▸ **ASSIGNMENT**:
From the first line to the last, retype the records exactly without their images.

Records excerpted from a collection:

────────────────────

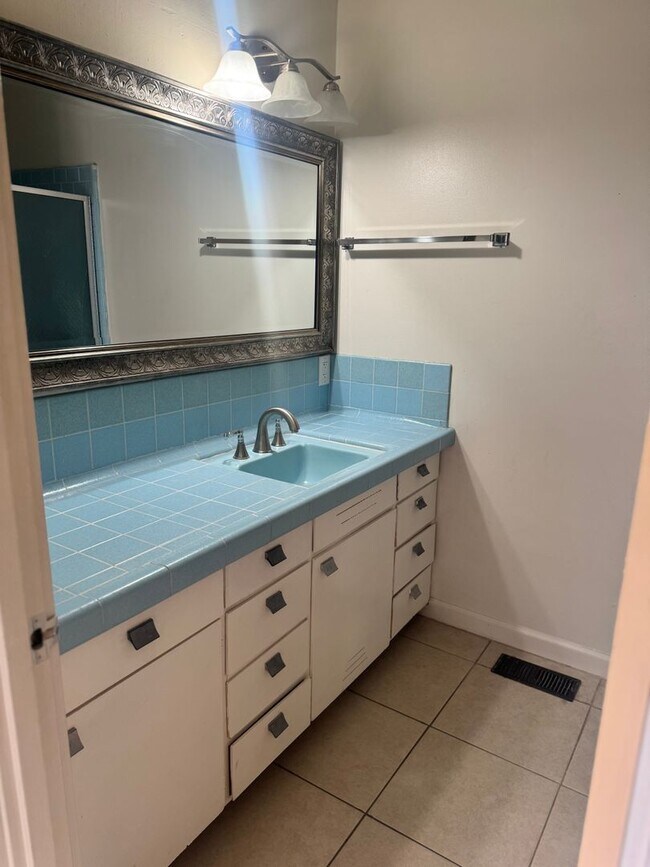 Building Photo - Single Family Home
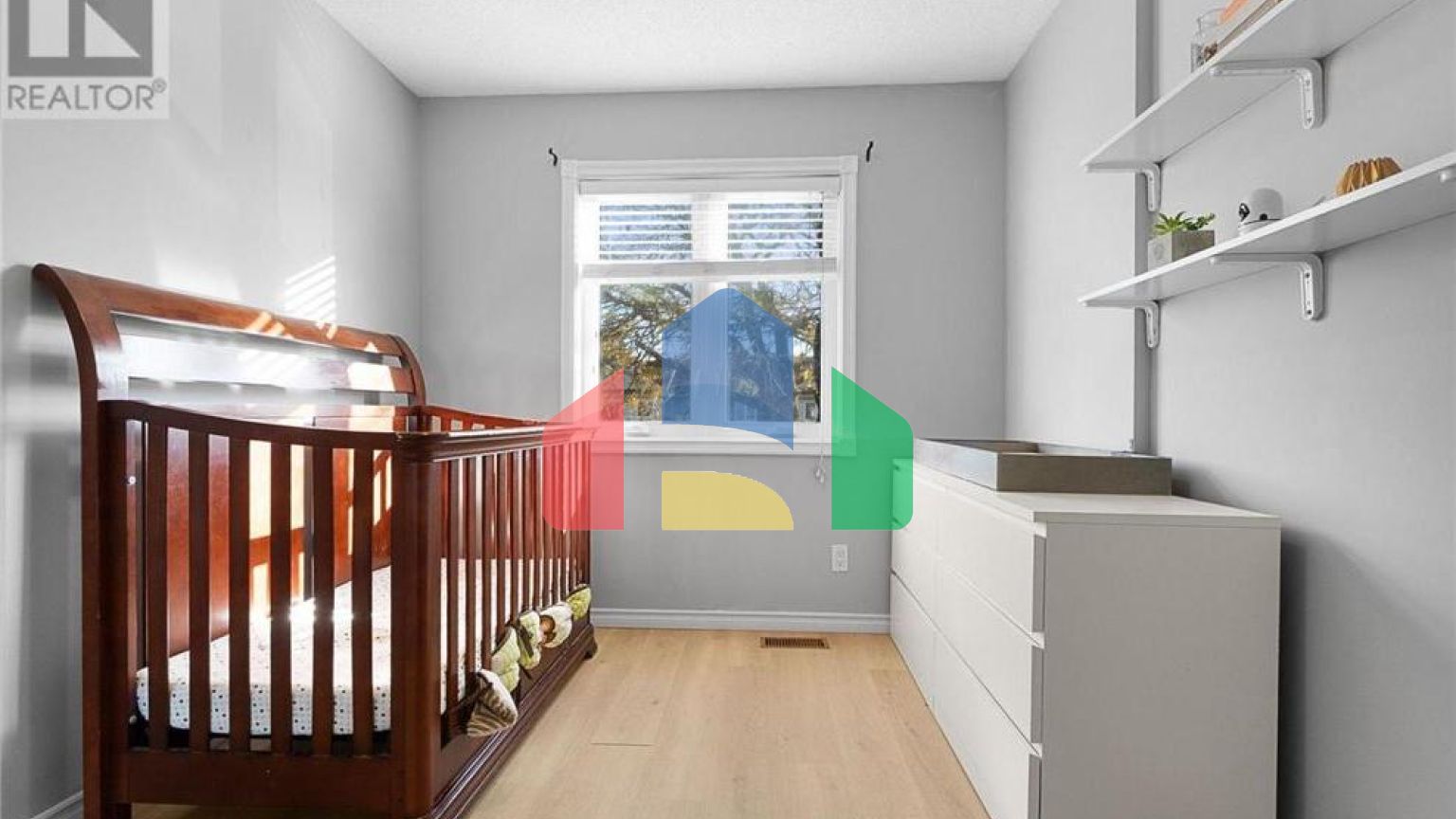 Residential - Single Family Home - Ottawa, Canada - Canada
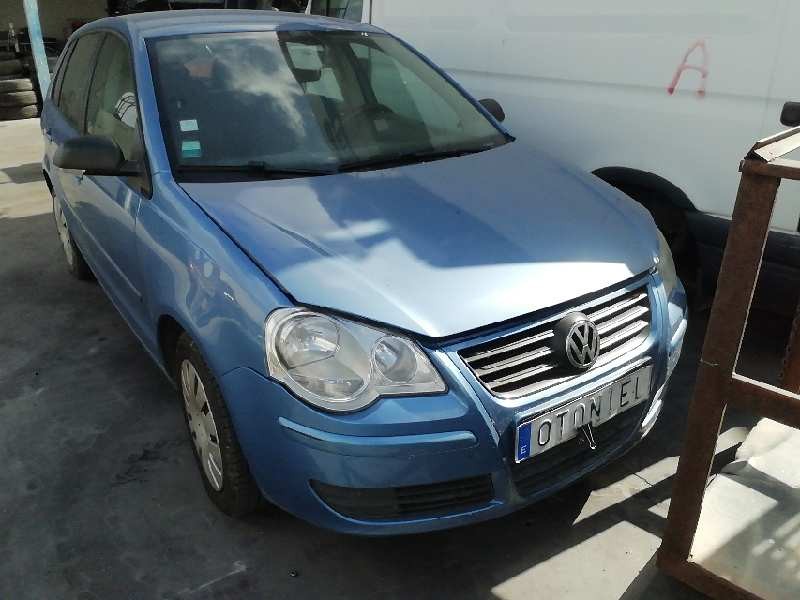 VOLKSWAGEN POLO (9N3)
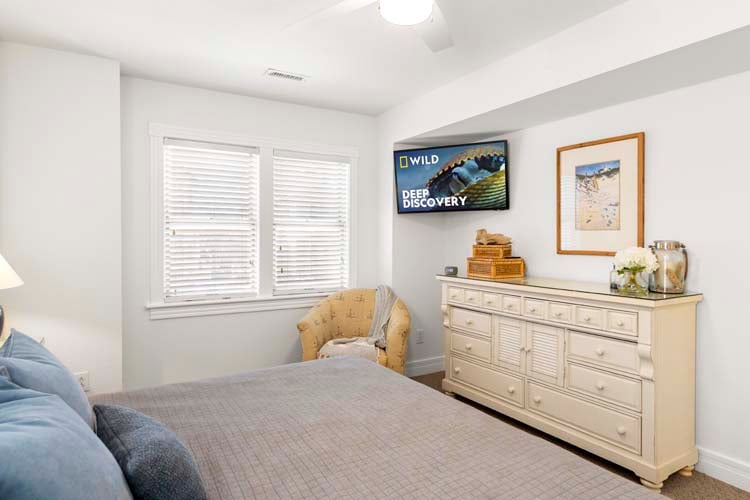 1st Floor King with Private Bath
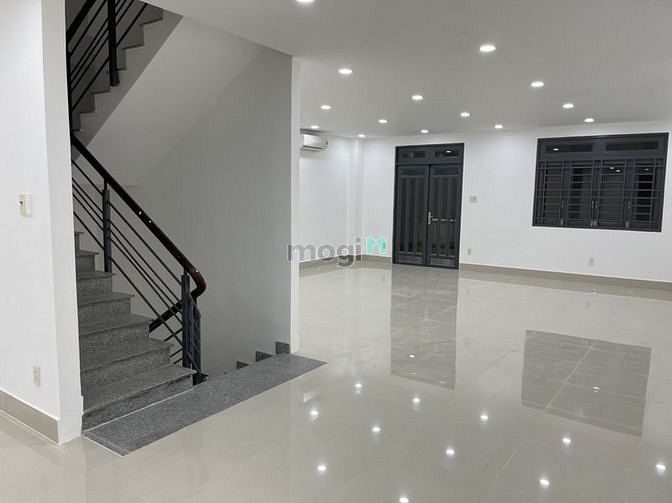 Hình ảnh Cho Thuê Nhà Bình Giã, P13, Q.Tân Bình, DT: 8x18m, Hầm 1T3L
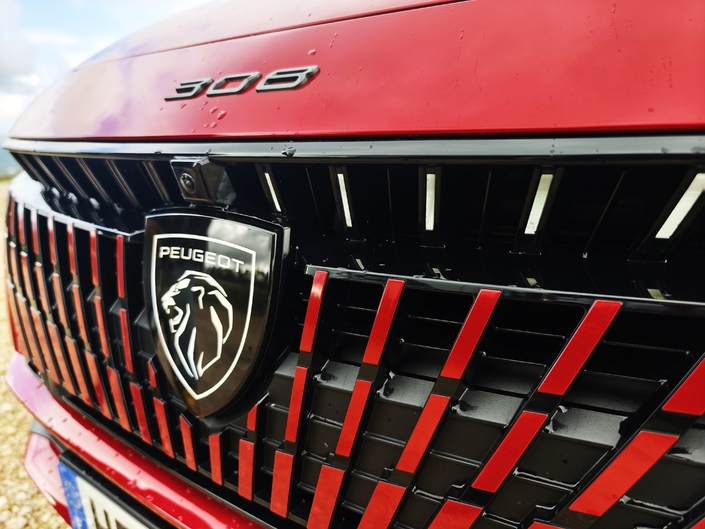 Les barrettes lumineuses et le logo rétroéclairés sont désormais de la partie chez Peugeot aussi. Vous aimez ou c’est too much ?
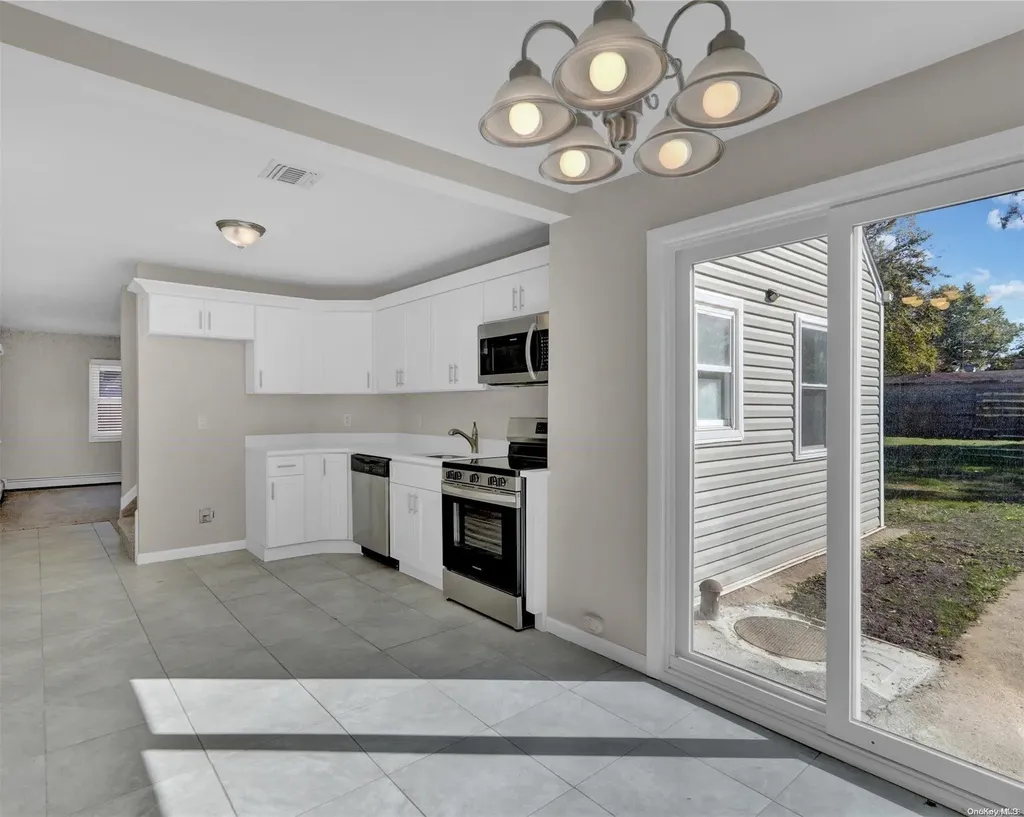 27 E Halley Lane Central Islip NY 11722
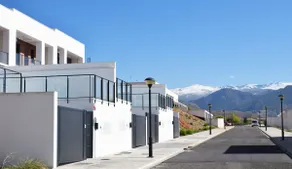 Magnificent house with private pool in Granada - Image 2
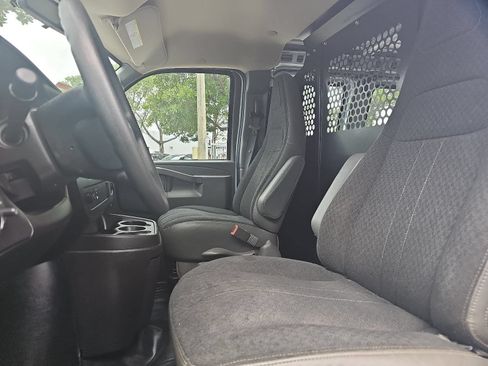 Used 2024 GMC Savana 2500 w/ Driver Convenience Package RWD image 13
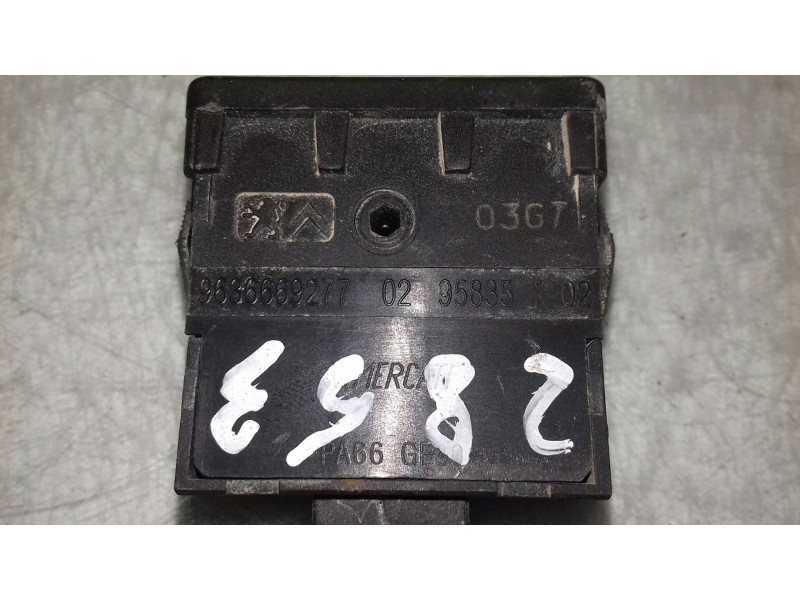Recambio de interruptor para peugeot 308 business line referencia OEM IAM 9636669277 3 PINES REGULADOR LUCES
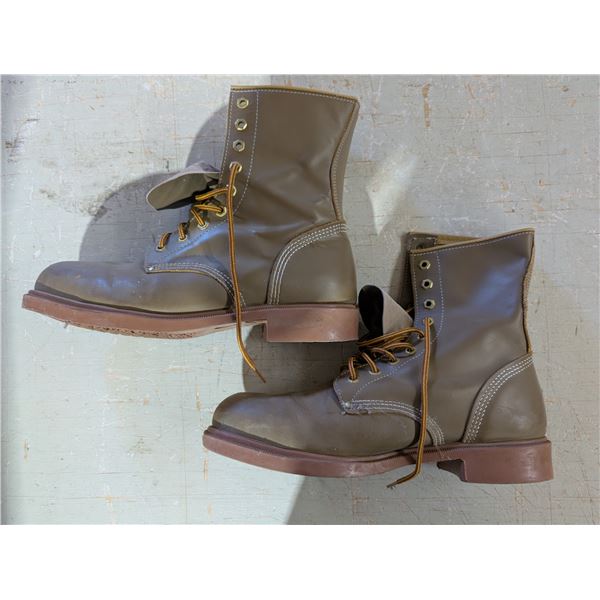 Oil Resistant Made in Canada Size 12 Kodiak New Work Boots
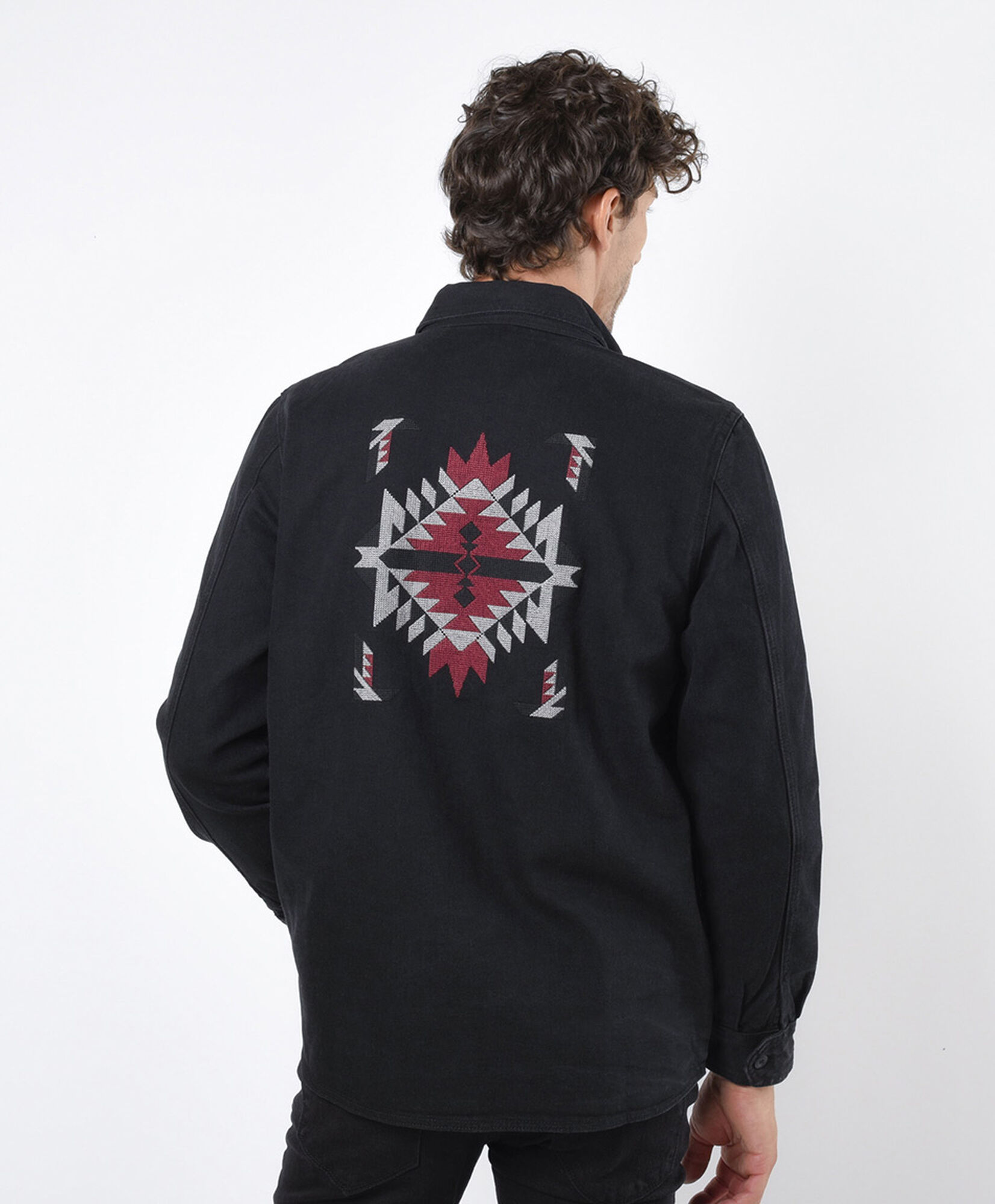 Chaqueta hombre denim bolsillo negra Chaqueta hombre denim bolsillo negra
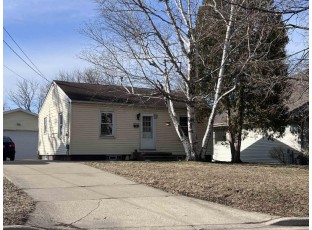 5205 Schluter Rd Monona, WI 53716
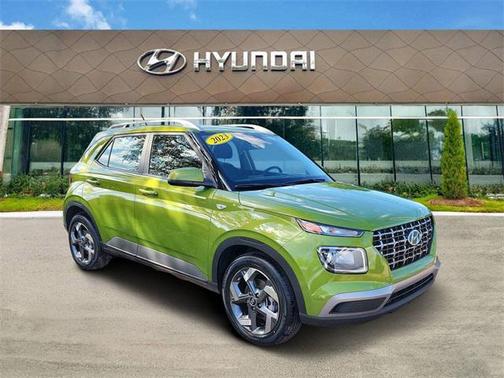 2023 Hyundai VENUE SEL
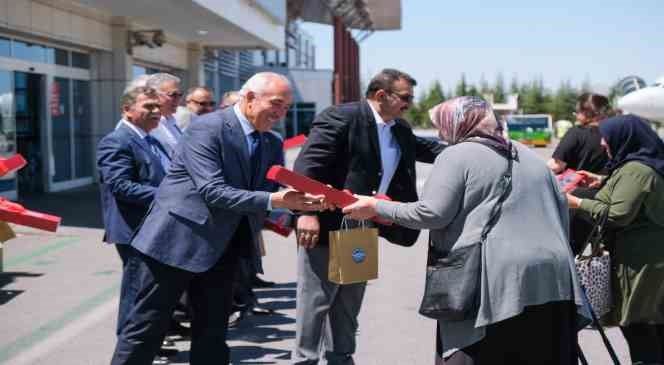 Gurbetçi vatandaşlar güllerle karşılandı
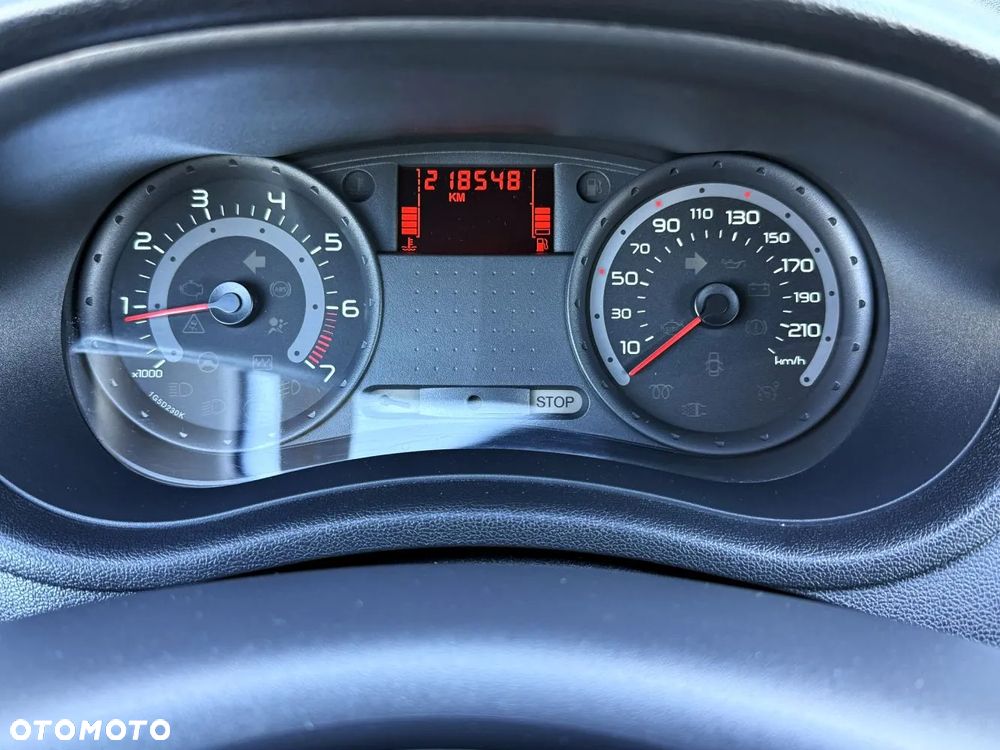 Renault Clio - 32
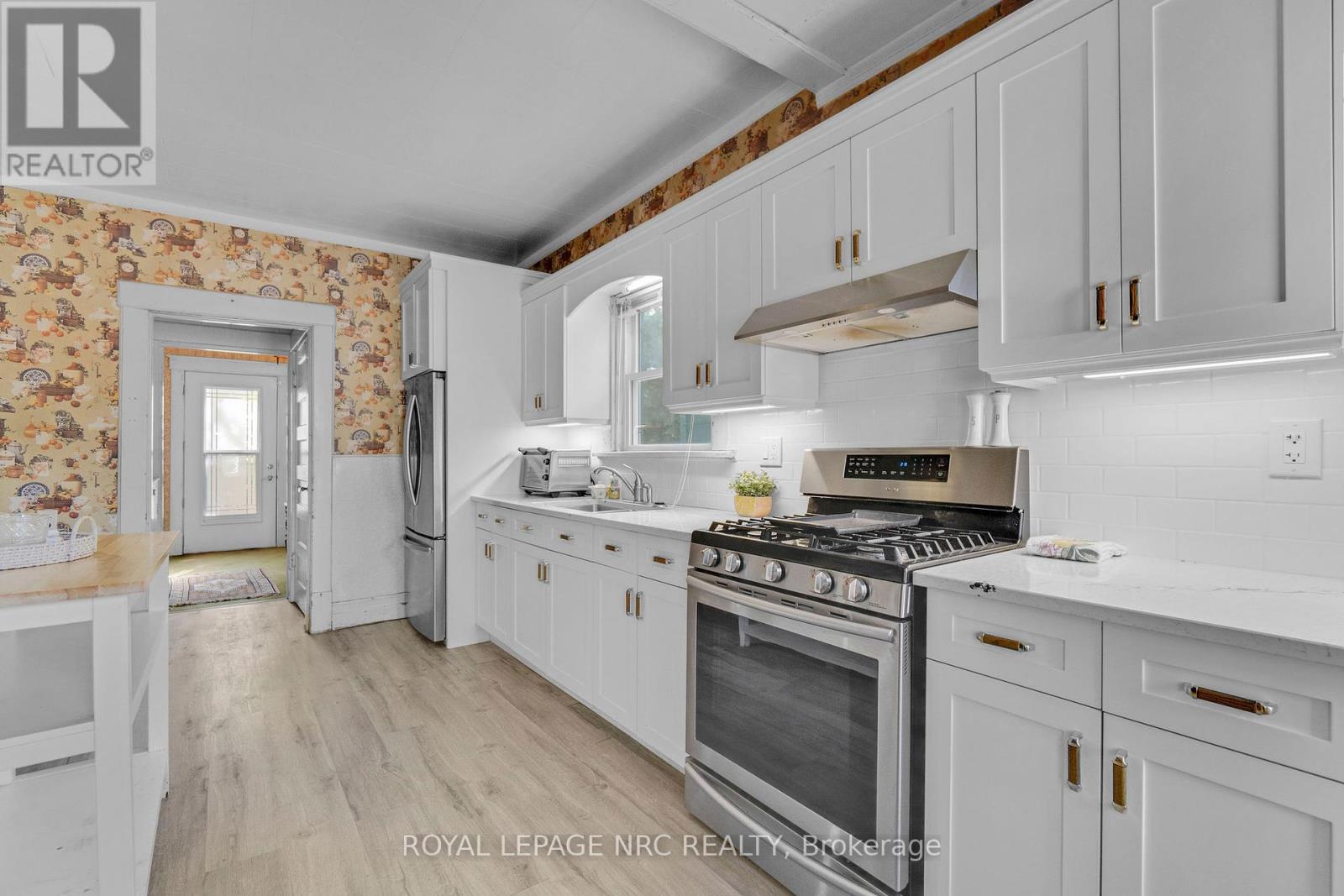 6511 Riall Street, Niagara Falls, Ontario  L2J 1Z4 - Photo 6 - X12414925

────────────────────

▸ **THE COMPLETED TASK**:
 Building Photo - Single Family Home
 Residential - Single Family Home - Ottawa, Canada - Canada
 VOLKSWAGEN POLO (9N3)
 1st Floor King with Private Bath
 Hình ảnh Cho Thuê Nhà Bình Giã, P13, Q.Tân Bình, DT: 8x18m, Hầm 1T3L
 Les barrettes lumineuses et le logo rétroéclairés sont désormais de la partie chez Peugeot aussi. Vous aimez ou c’est too much ?
 27 E Halley Lane Central Islip NY 11722
 Magnificent house with private pool in Granada - Image 2
 Used 2024 GMC Savana 2500 w/ Driver Convenience Package RWD image 13
Recambio de interruptor para peugeot 308 business line referencia OEM IAM 9636669277 3 PINES REGULADOR LUCES
 Oil Resistant Made in Canada Size 12 Kodiak New Work Boots
 Chaqueta hombre denim bolsillo negra Chaqueta hombre denim bolsillo negra
 5205 Schluter Rd Monona, WI 53716
 2023 Hyundai VENUE SEL
 Gurbetçi vatandaşlar güllerle karşılandı
 Renault Clio - 32
 6511 Riall Street, Niagara Falls, Ontario  L2J 1Z4 - Photo 6 - X12414925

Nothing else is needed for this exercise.